高分子(ポリマー、Polymer)とは、1000以上の原子が鎖状に共有結合してできた分子です。

コロイド粒子とは、小さな分子が物理的な力で凝集してできたものです。

この高分子とコロイド粒子の違いは1917年にStaudingerにスイス化学工業協会で"ゴムの長鎖状構造式"にて提唱されました。

日本でPolymerを高分子と訳したのは、櫻田一郎であり、彼は日本の高分子研究の先駆者といわれています。

高分子の構造

 高分子の1次元鎖状に配列している部分は骨格鎖とよびます。骨格鎖の構成元素の大半は炭素Cです。他にも、ケイ素S、酸素O、窒素N、硫黄Sなどから構成される骨格鎖もあります。

高分子の繰り返し単位をモノマー構造単位とよびます。

高分子は、その性質を担う様々な残基からなる側鎖をもっています。

高分子の重合度と分子量

高分子を構成するモノマーの数を重合度とよびます。この重合度のことをD_p(Degree of polymerization)と表すこともあります。

高分子の分子量をM、モノマーの分子量をM_0とすると、高分子の分子量は次の式で与えられます。

M = D_p × M_0

様々な測定により、平均分子量を求めることができますが、測定方法により求めることができる平均分子量は異なります。

数平均分子量\overline{M_n}:数平均分子量は、高分子溶液の氷点降下、沸点上昇、蒸気圧、浸透圧などの測定によって求めることができます。

重量平均分子量\overline{M_w}:重量平均分子量は、光散乱の測定によって求めることができます。

Z平均分子量\overline{M_z}:Z平均分子量は、遠心沈降平衡の測定によって求めることができます。このzはドイツ語の遠心zentrifugeが由来です。

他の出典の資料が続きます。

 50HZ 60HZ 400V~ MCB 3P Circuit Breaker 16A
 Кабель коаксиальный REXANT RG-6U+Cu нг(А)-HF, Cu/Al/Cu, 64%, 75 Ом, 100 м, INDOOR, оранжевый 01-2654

高分子の溶液や高分子の溶融体の粘弾性といった性質は、高分子の重合度 D_pに大きく依存することが知られています。しかしながら、高分子の個々の重合度はすべて同じというわけではありません。そこで、多くの場合高分子の重合度の分布を考えます。

高分子の数平均重合度・重量平均重合度・粘度平均重合度・Z平均重合度

ここで高分子の重合度をi、重合度iの高分子の数をN_iとします。それぞれ、数平均重合度重量平均重合度粘度平均重合度Z平均重合度があり、それぞれ以下の式で定義されています。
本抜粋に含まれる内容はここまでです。